(TASK GOAL)
Only the lines from the one holding "Person biking: medium" through the end of the records below are to be reproduced exactly, and pictures are to be omitted.

- - - -

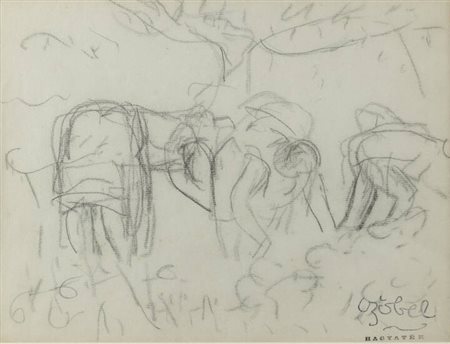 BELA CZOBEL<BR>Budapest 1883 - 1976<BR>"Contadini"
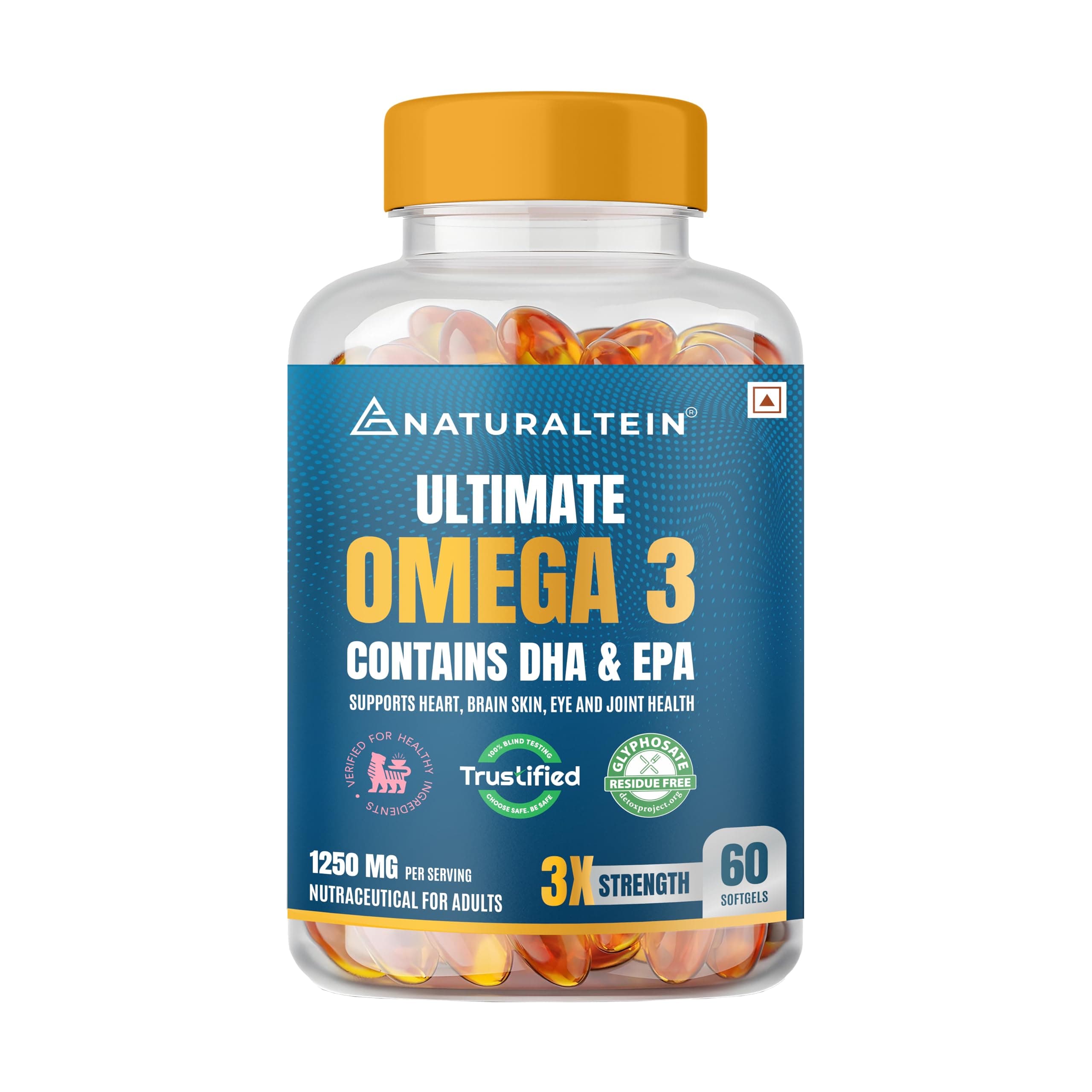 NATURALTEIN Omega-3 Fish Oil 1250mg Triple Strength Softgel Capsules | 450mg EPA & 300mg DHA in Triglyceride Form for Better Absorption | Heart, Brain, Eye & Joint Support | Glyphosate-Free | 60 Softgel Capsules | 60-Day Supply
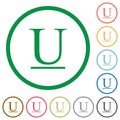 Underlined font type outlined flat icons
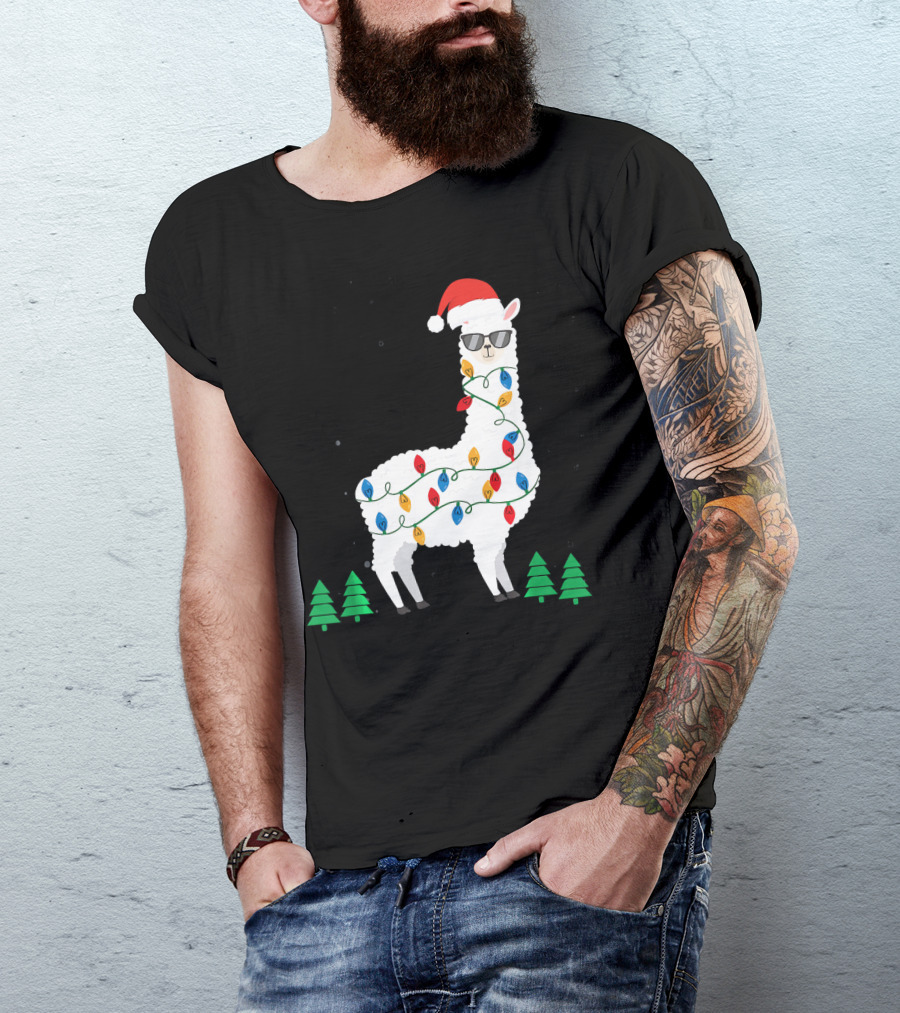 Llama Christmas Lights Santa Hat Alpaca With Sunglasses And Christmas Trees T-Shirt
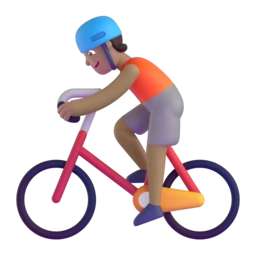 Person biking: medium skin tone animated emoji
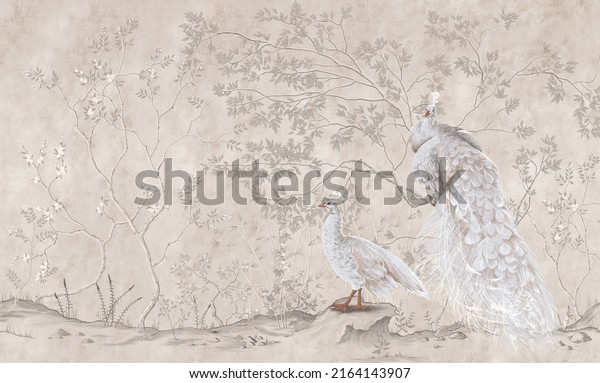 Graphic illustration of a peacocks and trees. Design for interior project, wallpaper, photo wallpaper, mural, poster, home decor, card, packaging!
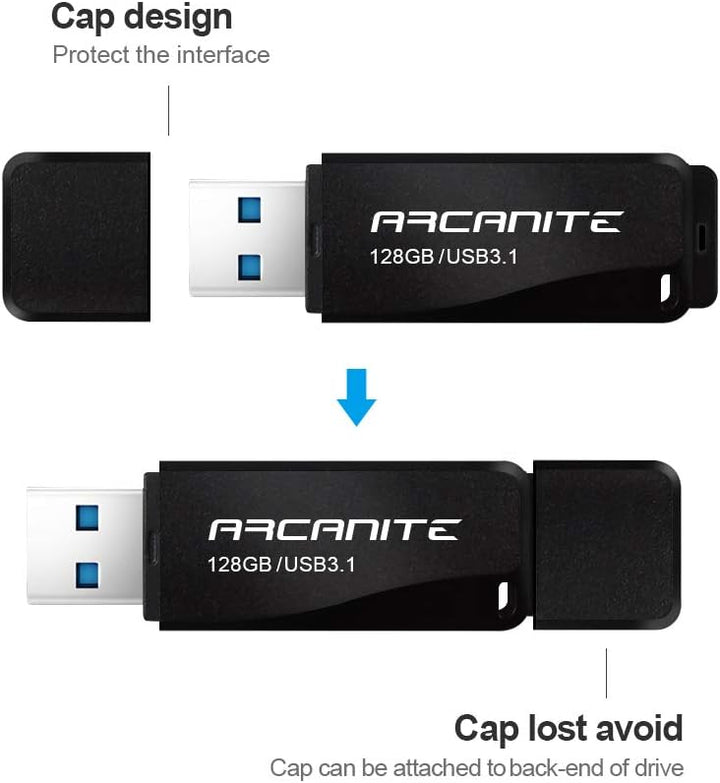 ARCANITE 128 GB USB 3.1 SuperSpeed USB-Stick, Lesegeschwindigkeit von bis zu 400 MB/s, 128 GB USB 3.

- - - -

(WRITTEN RESPONSE)
 Person biking: medium skin tone animated emoji
 Graphic illustration of a peacocks and trees. Design for interior project, wallpaper, photo wallpaper, mural, poster, home decor, card, packaging!
 ARCANITE 128 GB USB 3.1 SuperSpeed USB-Stick, Lesegeschwindigkeit von bis zu 400 MB/s, 128 GB USB 3.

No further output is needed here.